↓

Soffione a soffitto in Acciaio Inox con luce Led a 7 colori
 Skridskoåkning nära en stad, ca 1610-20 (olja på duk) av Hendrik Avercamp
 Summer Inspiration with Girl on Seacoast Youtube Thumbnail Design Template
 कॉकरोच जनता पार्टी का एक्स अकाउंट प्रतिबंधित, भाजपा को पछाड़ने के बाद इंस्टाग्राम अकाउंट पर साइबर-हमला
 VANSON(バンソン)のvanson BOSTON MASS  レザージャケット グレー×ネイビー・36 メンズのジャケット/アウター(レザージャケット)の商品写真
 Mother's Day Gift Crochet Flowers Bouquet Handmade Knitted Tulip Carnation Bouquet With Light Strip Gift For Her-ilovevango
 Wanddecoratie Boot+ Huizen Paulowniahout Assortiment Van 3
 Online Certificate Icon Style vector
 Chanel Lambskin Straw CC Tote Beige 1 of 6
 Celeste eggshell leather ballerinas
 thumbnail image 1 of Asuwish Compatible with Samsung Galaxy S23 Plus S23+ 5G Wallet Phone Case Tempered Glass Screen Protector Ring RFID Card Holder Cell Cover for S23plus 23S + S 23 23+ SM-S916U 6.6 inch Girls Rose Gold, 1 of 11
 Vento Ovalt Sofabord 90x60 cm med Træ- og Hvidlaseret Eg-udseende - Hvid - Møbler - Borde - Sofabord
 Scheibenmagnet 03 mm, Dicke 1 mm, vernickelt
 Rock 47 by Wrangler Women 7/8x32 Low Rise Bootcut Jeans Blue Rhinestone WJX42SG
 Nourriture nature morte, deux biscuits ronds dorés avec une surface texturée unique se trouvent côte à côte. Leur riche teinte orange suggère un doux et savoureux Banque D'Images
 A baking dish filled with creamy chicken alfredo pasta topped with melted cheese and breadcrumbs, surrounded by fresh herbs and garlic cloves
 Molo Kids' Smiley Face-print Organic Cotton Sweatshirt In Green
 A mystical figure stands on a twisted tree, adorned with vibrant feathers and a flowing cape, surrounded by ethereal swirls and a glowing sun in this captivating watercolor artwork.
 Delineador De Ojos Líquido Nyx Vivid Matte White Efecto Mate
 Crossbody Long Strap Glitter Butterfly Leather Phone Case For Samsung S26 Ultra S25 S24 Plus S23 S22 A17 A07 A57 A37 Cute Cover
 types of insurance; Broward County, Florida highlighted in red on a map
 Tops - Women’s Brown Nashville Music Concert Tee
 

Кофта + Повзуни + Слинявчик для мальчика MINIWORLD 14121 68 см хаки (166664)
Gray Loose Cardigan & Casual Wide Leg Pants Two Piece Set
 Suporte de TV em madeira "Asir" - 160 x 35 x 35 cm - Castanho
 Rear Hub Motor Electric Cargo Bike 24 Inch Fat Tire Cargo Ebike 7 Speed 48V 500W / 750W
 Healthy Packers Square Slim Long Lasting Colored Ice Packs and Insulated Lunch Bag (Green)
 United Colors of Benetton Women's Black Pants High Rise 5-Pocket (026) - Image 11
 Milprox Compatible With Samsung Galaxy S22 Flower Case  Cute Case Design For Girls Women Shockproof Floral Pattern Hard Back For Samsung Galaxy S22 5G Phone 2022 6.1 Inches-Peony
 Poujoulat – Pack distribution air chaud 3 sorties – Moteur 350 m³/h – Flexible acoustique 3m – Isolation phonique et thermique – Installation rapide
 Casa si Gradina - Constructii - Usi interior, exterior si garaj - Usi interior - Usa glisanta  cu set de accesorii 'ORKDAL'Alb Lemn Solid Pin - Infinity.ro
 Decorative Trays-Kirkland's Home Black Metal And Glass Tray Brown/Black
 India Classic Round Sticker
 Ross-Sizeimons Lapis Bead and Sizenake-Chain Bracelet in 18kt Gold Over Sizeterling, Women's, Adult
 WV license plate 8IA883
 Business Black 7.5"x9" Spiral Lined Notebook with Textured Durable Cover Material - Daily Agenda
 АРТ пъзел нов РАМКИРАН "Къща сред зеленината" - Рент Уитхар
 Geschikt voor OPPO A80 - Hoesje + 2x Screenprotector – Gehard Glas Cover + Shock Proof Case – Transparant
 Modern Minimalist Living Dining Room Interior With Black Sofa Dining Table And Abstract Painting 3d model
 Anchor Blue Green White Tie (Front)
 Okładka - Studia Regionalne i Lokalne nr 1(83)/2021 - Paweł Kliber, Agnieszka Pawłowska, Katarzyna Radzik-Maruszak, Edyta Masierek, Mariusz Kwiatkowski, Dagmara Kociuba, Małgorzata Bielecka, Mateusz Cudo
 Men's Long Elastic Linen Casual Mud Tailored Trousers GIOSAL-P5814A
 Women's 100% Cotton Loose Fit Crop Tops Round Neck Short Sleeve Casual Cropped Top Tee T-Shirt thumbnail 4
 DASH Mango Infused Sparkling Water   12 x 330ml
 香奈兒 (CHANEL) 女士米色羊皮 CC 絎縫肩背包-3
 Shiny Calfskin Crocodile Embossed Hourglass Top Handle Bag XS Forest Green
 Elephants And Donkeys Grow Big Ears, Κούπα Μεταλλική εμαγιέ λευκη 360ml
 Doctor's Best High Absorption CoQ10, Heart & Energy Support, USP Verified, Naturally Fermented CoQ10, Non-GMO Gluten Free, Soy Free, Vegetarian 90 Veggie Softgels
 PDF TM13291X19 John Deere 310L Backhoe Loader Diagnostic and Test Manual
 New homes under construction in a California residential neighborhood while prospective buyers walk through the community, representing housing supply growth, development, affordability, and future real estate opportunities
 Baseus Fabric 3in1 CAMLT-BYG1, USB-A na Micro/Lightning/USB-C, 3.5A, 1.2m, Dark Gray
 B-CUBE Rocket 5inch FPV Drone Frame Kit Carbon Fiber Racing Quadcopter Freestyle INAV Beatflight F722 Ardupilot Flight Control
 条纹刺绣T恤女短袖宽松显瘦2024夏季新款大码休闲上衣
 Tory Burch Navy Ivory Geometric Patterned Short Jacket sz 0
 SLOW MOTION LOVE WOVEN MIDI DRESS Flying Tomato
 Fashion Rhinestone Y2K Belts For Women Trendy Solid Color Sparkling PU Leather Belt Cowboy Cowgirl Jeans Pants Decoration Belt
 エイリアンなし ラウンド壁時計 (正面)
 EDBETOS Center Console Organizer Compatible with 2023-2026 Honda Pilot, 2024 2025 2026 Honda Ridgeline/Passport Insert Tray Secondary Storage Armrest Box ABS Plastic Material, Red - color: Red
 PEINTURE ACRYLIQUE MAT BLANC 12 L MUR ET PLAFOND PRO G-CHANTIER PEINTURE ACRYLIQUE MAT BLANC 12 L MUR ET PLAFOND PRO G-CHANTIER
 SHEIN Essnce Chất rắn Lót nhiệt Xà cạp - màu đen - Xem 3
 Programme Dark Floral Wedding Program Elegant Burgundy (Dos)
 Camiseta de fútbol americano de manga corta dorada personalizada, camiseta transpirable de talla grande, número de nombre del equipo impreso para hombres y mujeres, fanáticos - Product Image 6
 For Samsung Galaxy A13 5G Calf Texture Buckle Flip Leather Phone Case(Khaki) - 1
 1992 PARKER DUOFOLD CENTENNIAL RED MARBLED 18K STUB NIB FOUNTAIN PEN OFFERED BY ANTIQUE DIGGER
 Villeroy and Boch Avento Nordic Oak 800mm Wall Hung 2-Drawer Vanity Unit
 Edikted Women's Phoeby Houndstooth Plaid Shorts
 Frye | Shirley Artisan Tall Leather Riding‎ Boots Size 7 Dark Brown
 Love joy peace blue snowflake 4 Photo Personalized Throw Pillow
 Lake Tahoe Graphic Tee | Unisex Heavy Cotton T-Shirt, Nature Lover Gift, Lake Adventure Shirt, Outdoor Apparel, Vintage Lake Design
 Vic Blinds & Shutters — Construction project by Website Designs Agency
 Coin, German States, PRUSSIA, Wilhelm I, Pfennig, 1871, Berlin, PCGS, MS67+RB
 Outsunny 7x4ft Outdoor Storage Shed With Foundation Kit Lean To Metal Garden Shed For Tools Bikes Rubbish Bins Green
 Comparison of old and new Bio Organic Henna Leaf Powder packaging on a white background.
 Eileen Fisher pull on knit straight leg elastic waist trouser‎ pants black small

↑

WORK TO BE COMPLETED: Collect every line from the records above that contains the word "Tray".

RESPONSE:
 Decorative Trays-Kirkland's Home Black Metal And Glass Tray Brown/Black
 EDBETOS Center Console Organizer Compatible with 2023-2026 Honda Pilot, 2024 2025 2026 Honda Ridgeline/Passport Insert Tray Secondary Storage Armrest Box ABS Plastic Material, Red - color: Red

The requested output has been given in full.